GPU discovery by dhiltgen · Pull Request #3055 · ml-explore/mlx

dhiltgen · 2026-01-24T00:37:32Z

Proposed changes

Enhanced GPU discovery leveraging existing device_info. In particular for CUDA this tries to use NVML (if present) which provides an overall system view of VRAM consumption compared to cudaMemGetInfo which is scoped just to the current process when calculating consumed memory.
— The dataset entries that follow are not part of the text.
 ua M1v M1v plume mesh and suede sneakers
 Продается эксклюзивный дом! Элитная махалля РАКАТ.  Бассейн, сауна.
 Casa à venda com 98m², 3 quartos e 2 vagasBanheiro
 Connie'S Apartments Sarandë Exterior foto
This also exposes PCI IDs and UUIDs for devices which can help correlate with other APIs for deduplication or additional queries.

Simple example program

#!/usr/bin/env python3
import mlx.core as mx

def main():
    print("="*70)
    print("MLX GPU Device Discovery Demo")
    print("="*70)

    # Check backends
    print(f"\nCUDA available: {mx.cuda.is_available()}")
    print(f"Metal available: {mx.metal.is_available()}")

    # Device count
    count = mx.device_count()
    print(f"\nTotal GPU devices: {count}")

    if count == 0:
        print("No GPU devices found.")
        return

    # Enumerate devices
    for i in range(count):
        info = mx.device_info(i)
        print(f"\n{'='*70}")
        print(f"Device {i}")
        print(f"{'='*70}")
        for key, value in sorted(info.items()):
            if 'memory' in key and isinstance(value, int):
                print(f"  {key:30s}: {value:15,} bytes ({value/(1024**3):.2f} GB)")
            else:
                print(f"  {key:30s}: {value}")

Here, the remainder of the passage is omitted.